Wherever a picture appears, skip it and retype the rest of the data exactly.

-------- Input data --------

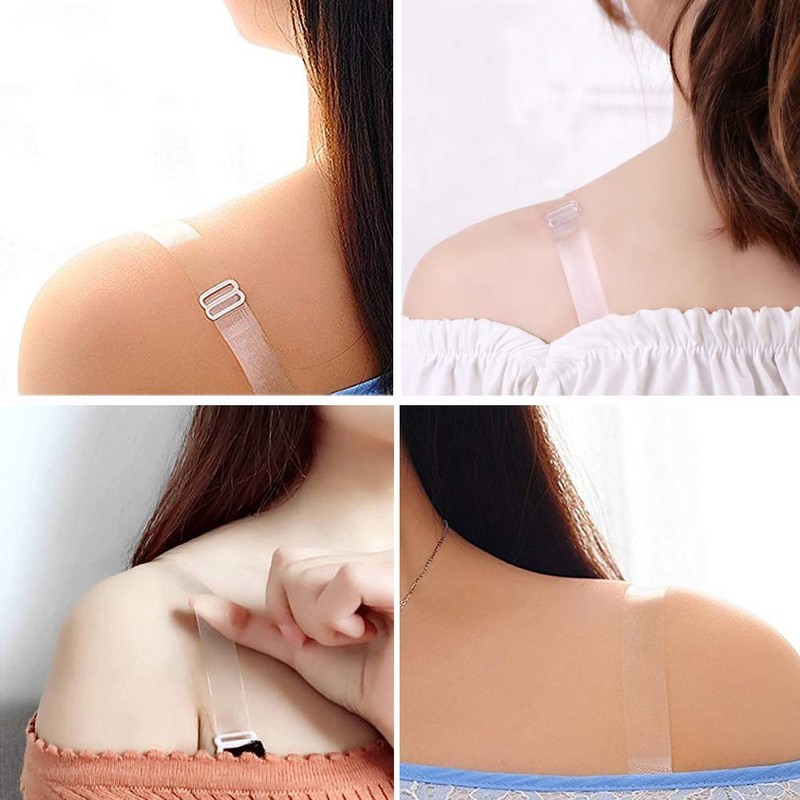 Lansonee 2 Pairs Invisible Soft Clear Non-Slip Adjustable Transparent Replacement
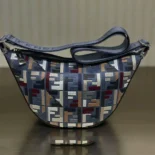 Fendi Men Roma Leather Fendi Melon Small Fabric Blue 7VA635ASLQF07K1
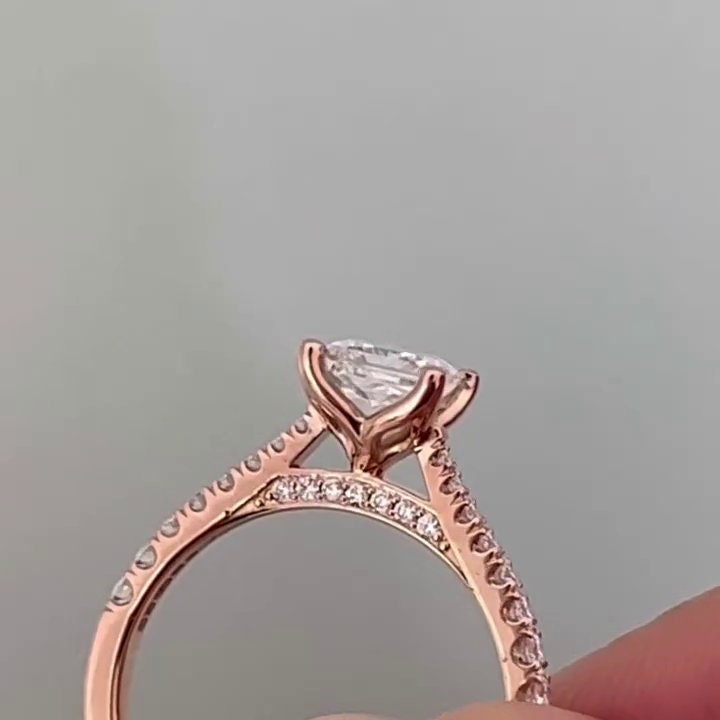 1.20tcw Princess Lab Grown Diamond Cathedral Engagement Ring | DEF Color | VVS–VS Clarity | IGI Certified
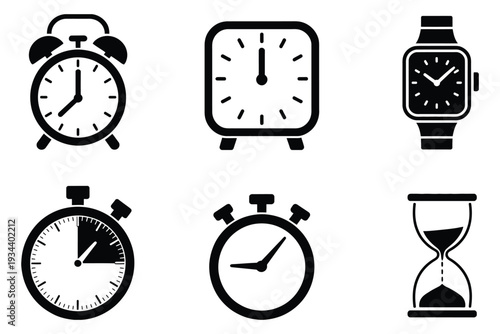 Time measurement icon set, timing devices symbols, classic alarm clock, analog wall clock, stopwatch, sandglass hourglass vector illustration.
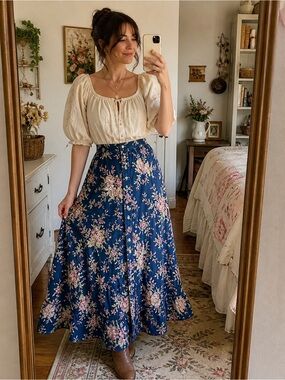 Lauren Ralph Lauren LRL Floral Cottagecore Maxi Skirt Button Front Blue Size 14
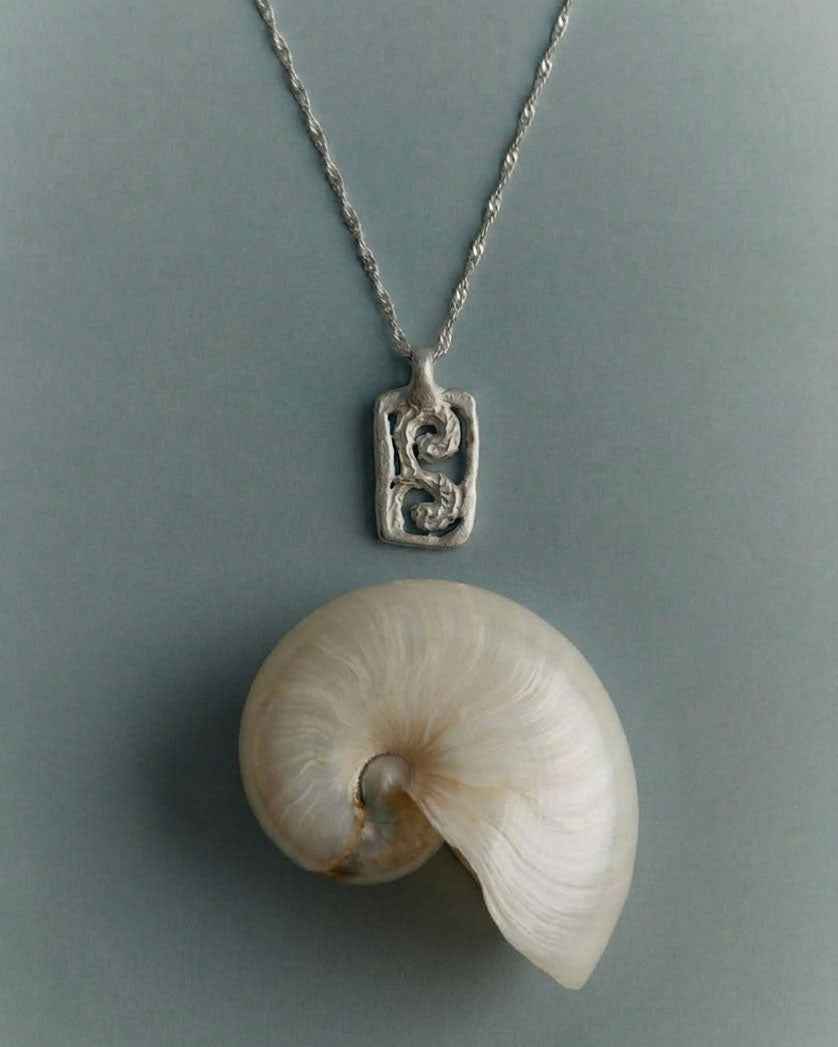 Scroll Necklace in Sterling Silver - Elegant and Timeless Sterling Silver Necklace Design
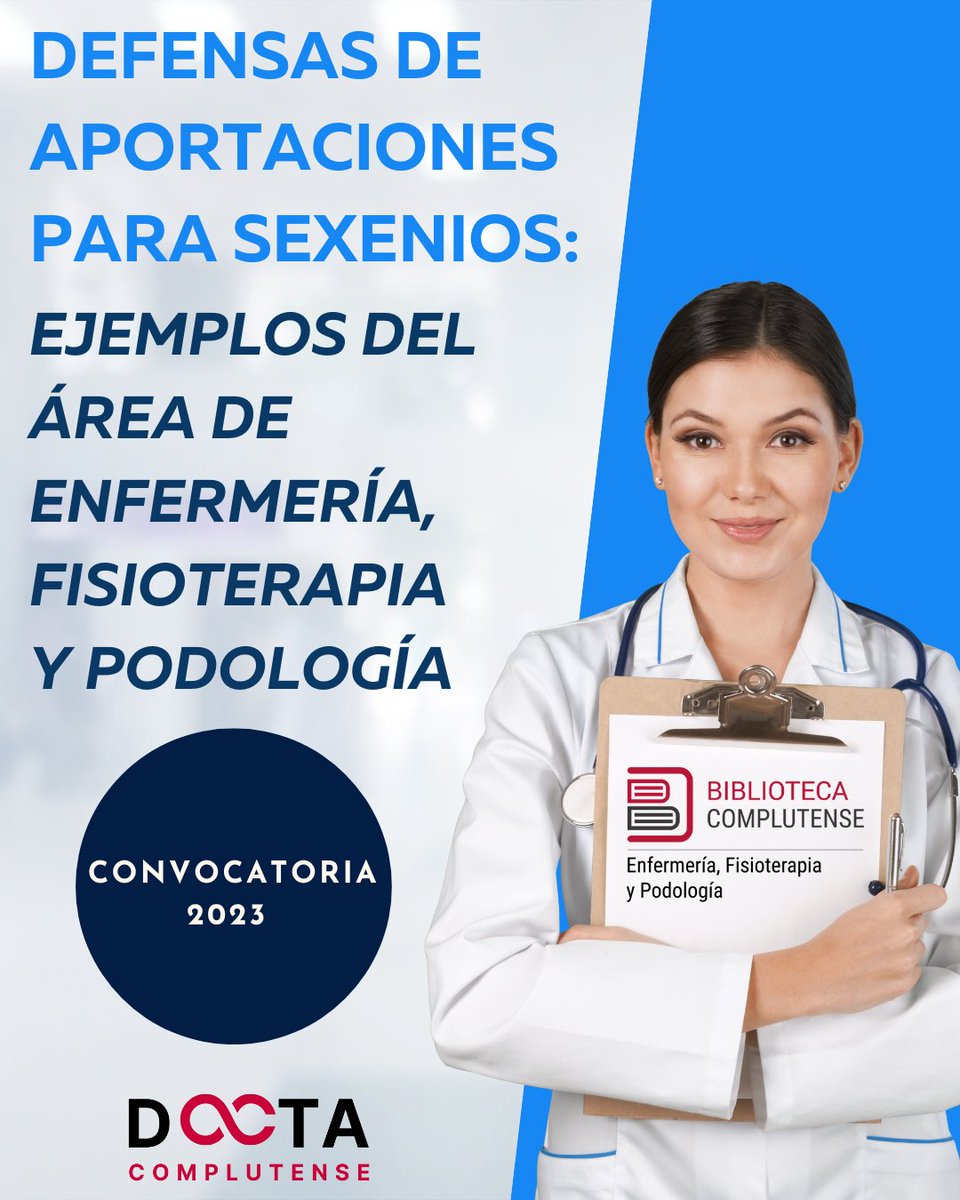 Biblioteca Complutense (@bcomplutense) on Twitter photo Si te vas a presentar a #sexenios2024, estos ejemplos de defensas narrativas valoradas positivamente en 2023, te interesan
Entra en #DoctaComplutense y consulta el documento preparado por PDI de <a href="/FacultadEFP_UCM/">Facultad Enfermería, Fisioterapia y Podología UCM</a> de <a href="/unicomplutense/">Complutense</a>
s.mtrbio.com/juhdemjijh
#BibliotecaComplutense Si te vas a presentar a #sexenios2024, estos ejemplos de defensas narrativas valoradas positivamente en 2023, te interesan
Entra en #DoctaComplutense y consulta el documento preparado por PDI de <a href="/FacultadEFP_UCM/">Facultad Enfermería, Fisioterapia y Podología UCM</a> de <a href="/unicomplutense/">Complutense</a>
s.mtrbio.com/juhdemjijh
#BibliotecaComplutense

--------

Response area.
 Lansonee 2 Pairs Invisible Soft Clear Non-Slip Adjustable Transparent Replacement
 Fendi Men Roma Leather Fendi Melon Small Fabric Blue 7VA635ASLQF07K1
 1.20tcw Princess Lab Grown Diamond Cathedral Engagement Ring | DEF Color | VVS–VS Clarity | IGI Certified
 Time measurement icon set, timing devices symbols, classic alarm clock, analog wall clock, stopwatch, sandglass hourglass vector illustration.
 Lauren Ralph Lauren LRL Floral Cottagecore Maxi Skirt Button Front Blue Size 14
 Scroll Necklace in Sterling Silver - Elegant and Timeless Sterling Silver Necklace Design
 Biblioteca Complutense (@bcomplutense) on Twitter photo Si te vas a presentar a #sexenios2024, estos ejemplos de defensas narrativas valoradas positivamente en 2023, te interesan
Entra en #DoctaComplutense y consulta el documento preparado por PDI de <a href="/FacultadEFP_UCM/">Facultad Enfermería, Fisioterapia y Podología UCM</a> de <a href="/unicomplutense/">Complutense</a>
s.mtrbio.com/juhdemjijh
#BibliotecaComplutense Si te vas a presentar a #sexenios2024, estos ejemplos de defensas narrativas valoradas positivamente en 2023, te interesan
Entra en #DoctaComplutense y consulta el documento preparado por PDI de <a href="/FacultadEFP_UCM/">Facultad Enfermería, Fisioterapia y Podología UCM</a> de <a href="/unicomplutense/">Complutense</a>
s.mtrbio.com/juhdemjijh
#BibliotecaComplutense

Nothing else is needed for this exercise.